To my shame I did not stop.. and I have been feeling guilty eversince! Anybody who knows me knows that I always stop if I see someone (be they human or animal) in trouble on the roads. Actually, let me correct that.. I used to stop, before I had my boys.. now I don't stop. Why you may ask?
Well I don't stop because it is not safe - I live in one of the most dangerous cities in the world and so it would be silly of me to put my sons safety at risk for an animal or a stranger!
Last year my neighbour was shot outside his home at about 20H00 on a Sunday evening. It was a high-jacking and the robbers threw my neighbour and his wife on the ground, and then shot him while he lay helpless on the ground - after he had handed over his car. I clearly remember sitting in our study and hearing our neighbour screaming and then hearing the gunshots! And what did I do to help my neighbour? Absolutely nothing - except for calling emergency services that is.
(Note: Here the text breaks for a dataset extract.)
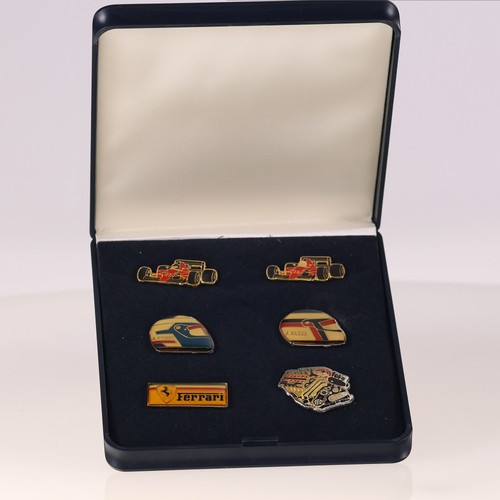 Pin set prost alesi - pin's, ferrari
And the worst part of it is that if it happened again, I would react in exactly the same way. Does that make me a coward? Possibly! But it also makes me a mother who puts her family first. All I could think about on that night after hearing the gunshots was, "what if they are coming over my wall right now, and the minute I open the door they will be inside.. with a gun" My sweet Caleb was only two at the time - if something happened to him, I would never forgive myself. As his mother, it is my duty to put him first, because if we as parents don't, then who will?
Having said all that, it makes me very sad that I am unable to help a person or animal in need just because I am frightened of my fellow man.